● **WORK TO BE COMPLETED**: Please restate all of the records word for word, setting the pictures aside.

------------

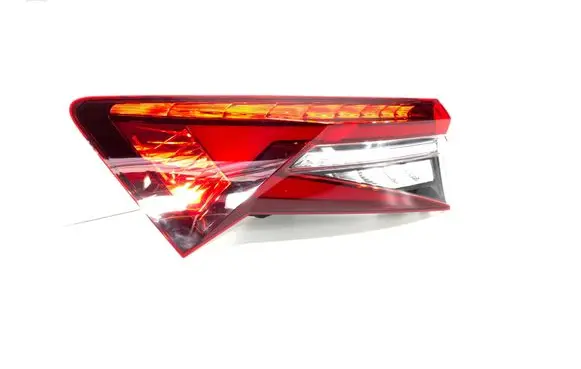 Skoda Kodiaq Rear/tail lights 565945207B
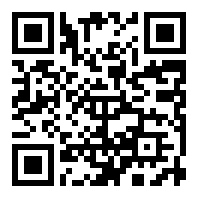 10节课系统拆分跑后拉伸问题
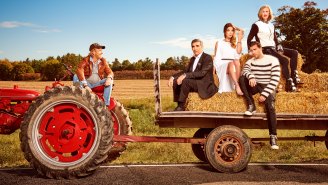If You Liked The First Season Of ‘Schitt’s Creek,’ You’re Going To Absolutely Love Season Two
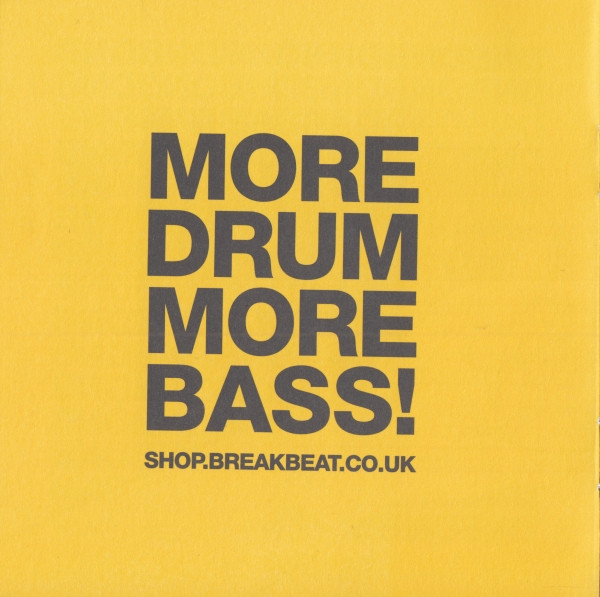 descargar álbum Various - Drum Bass Arena 2016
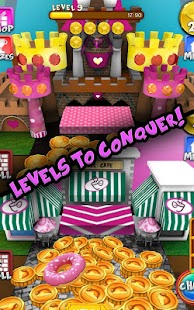 Free Coin Dunk APK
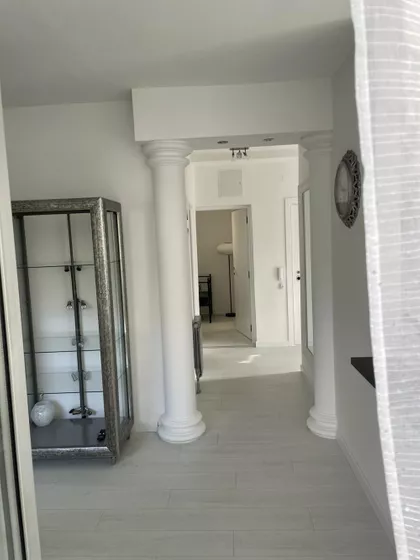 Todora Dukina | 4zida.rs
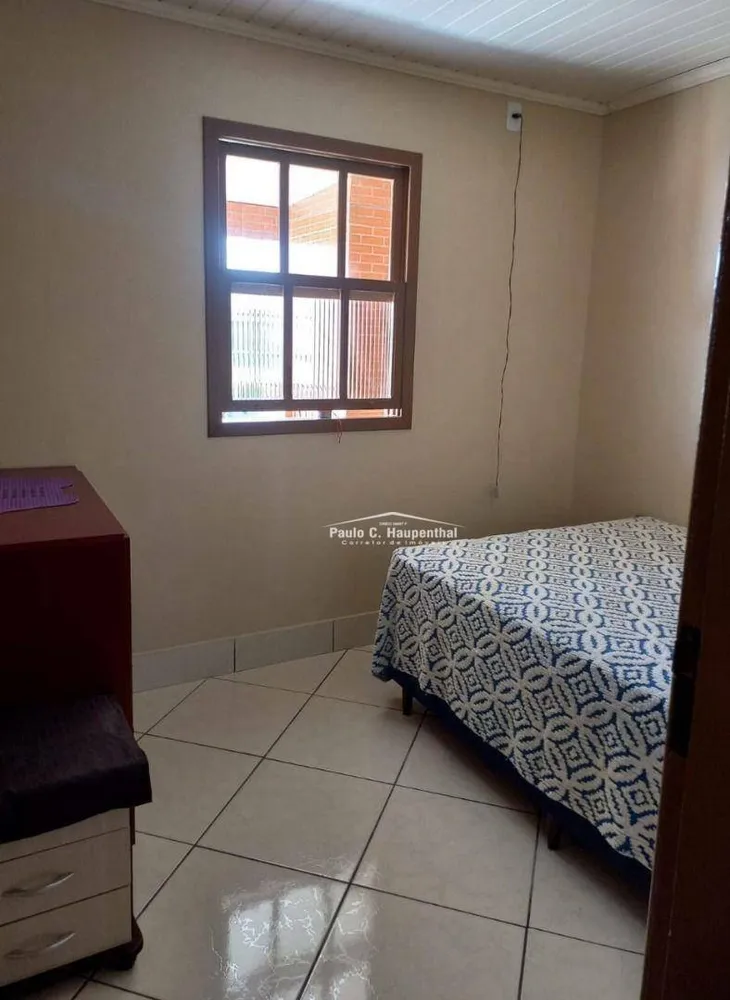 Casa, 3 quartos, 181 m² - Foto 7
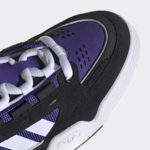 Sneaker GZ6201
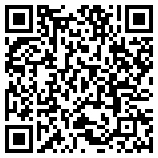 QR Code for S & W Services in Rochester, NY 14619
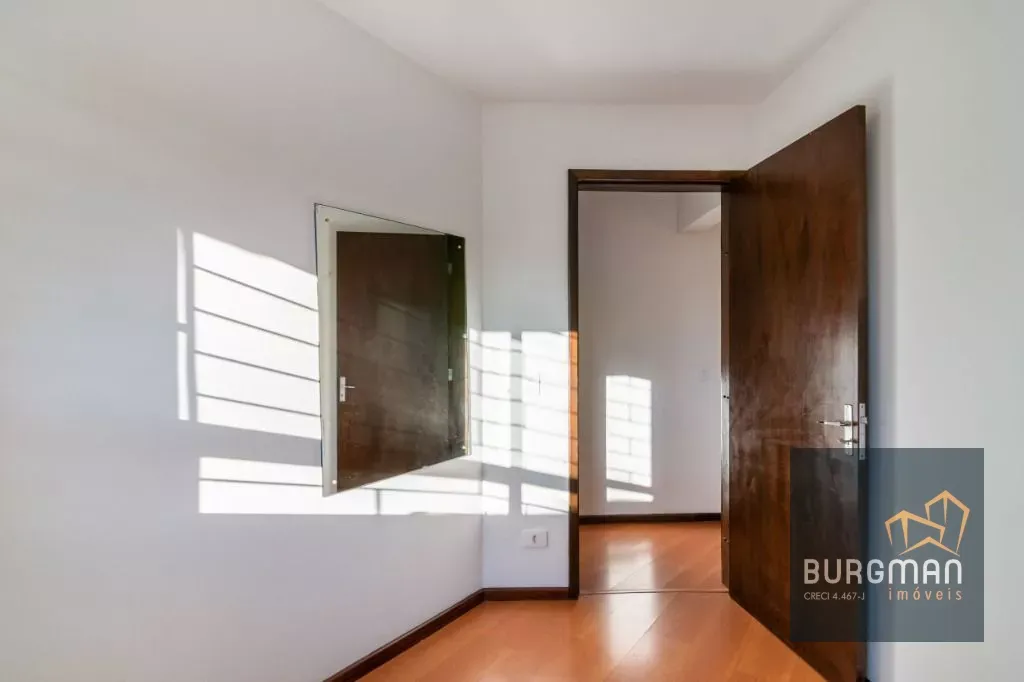 Apartamento com 3 dormitórios e 2 banheiros — photo 12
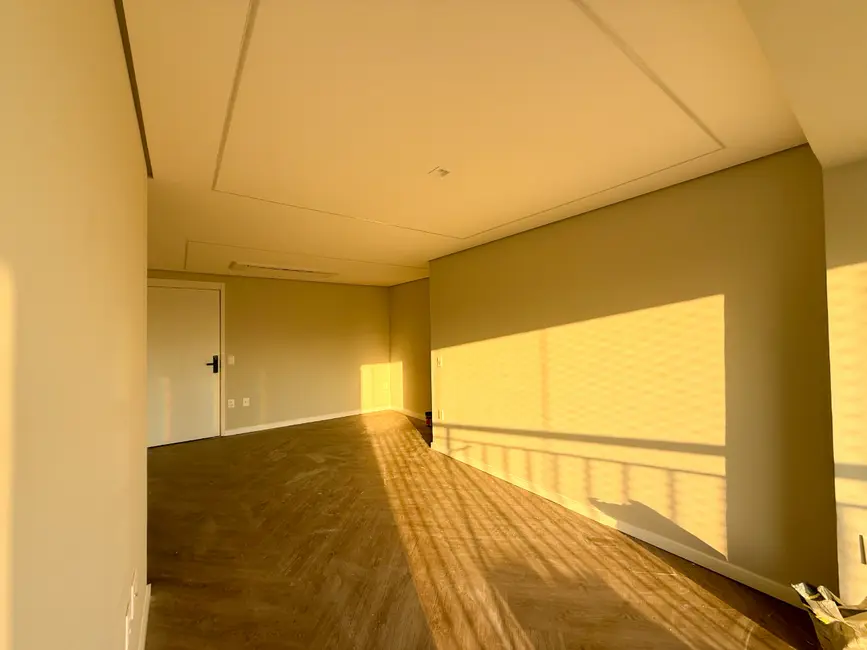 Foto 6 de Apartamento com 3 quartos para alugar, 86m2 em City América, São Paulo - SP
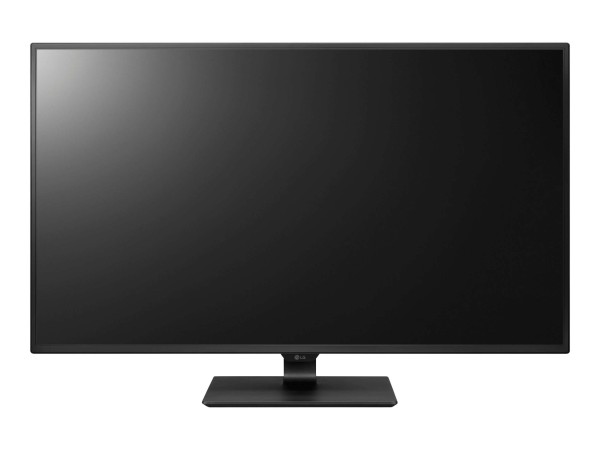 LG 43UD79-B 109,2cm (43") 43UD79-B.AEU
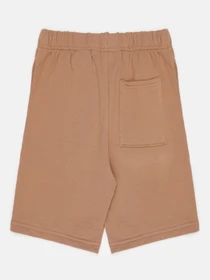 Шорти H&M модель 78833 Фото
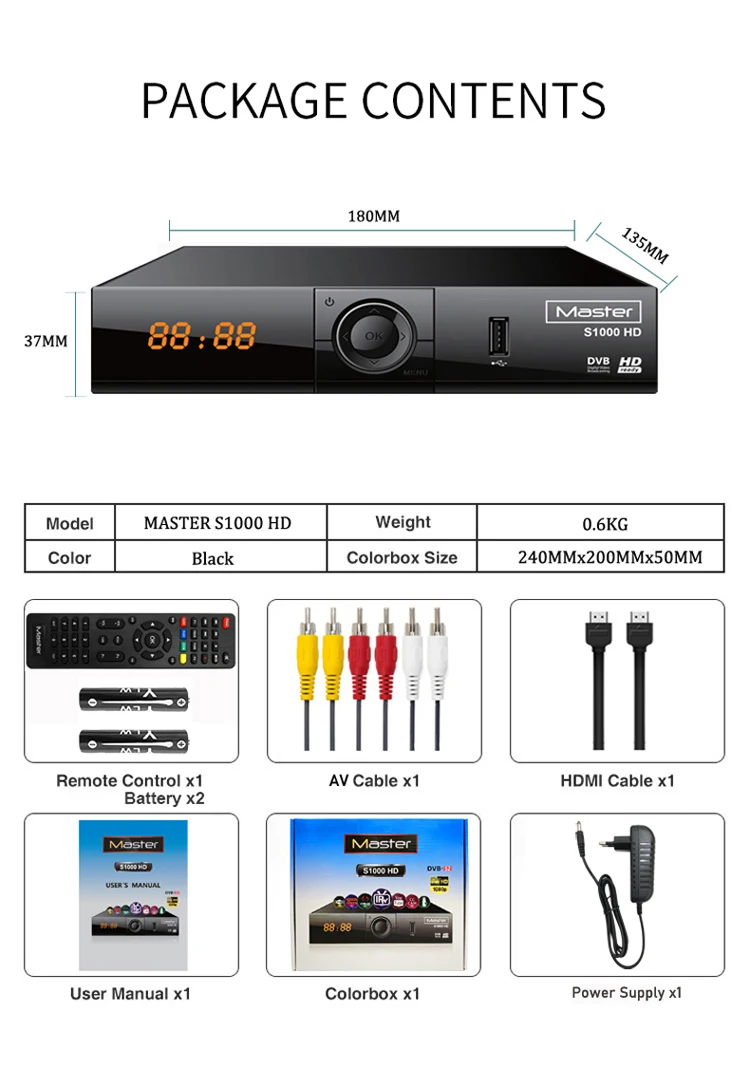 Master-S1000HD-06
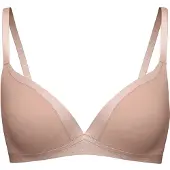 Calida Rintaliivi 'Cate' beige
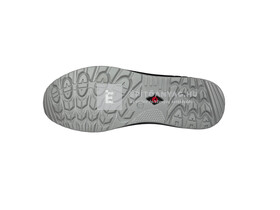 Magic Tools Albatros Clifton Low S3 SRC munkavédelmi cipő 44 Magic Tools Albatros Clifton Low S3 SRC munkavédelmi cipő 44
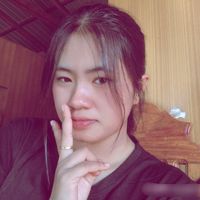 noungoo241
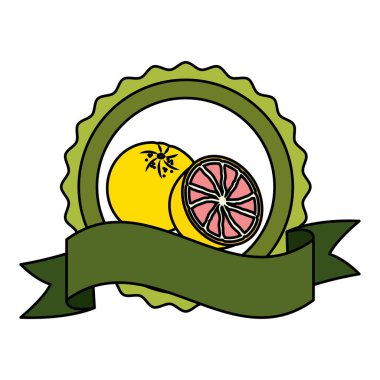 tropikal meyve tasarım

------------

● **COMPLETED TASK**:
 Skoda Kodiaq Rear/tail lights 565945207B
 10节课系统拆分跑后拉伸问题
If You Liked The First Season Of ‘Schitt’s Creek,’ You’re Going To Absolutely Love Season Two
 descargar álbum Various - Drum Bass Arena 2016
 Free Coin Dunk APK
 Todora Dukina | 4zida.rs
 Casa, 3 quartos, 181 m² - Foto 7
 Sneaker GZ6201
 QR Code for S & W Services in Rochester, NY 14619
 Apartamento com 3 dormitórios e 2 banheiros — photo 12
 Foto 6 de Apartamento com 3 quartos para alugar, 86m2 em City América, São Paulo - SP
 LG 43UD79-B 109,2cm (43") 43UD79-B.AEU
 Шорти H&M модель 78833 Фото
 Master-S1000HD-06
 Calida Rintaliivi 'Cate' beige
 Magic Tools Albatros Clifton Low S3 SRC munkavédelmi cipő 44 Magic Tools Albatros Clifton Low S3 SRC munkavédelmi cipő 44
 noungoo241
 tropikal meyve tasarım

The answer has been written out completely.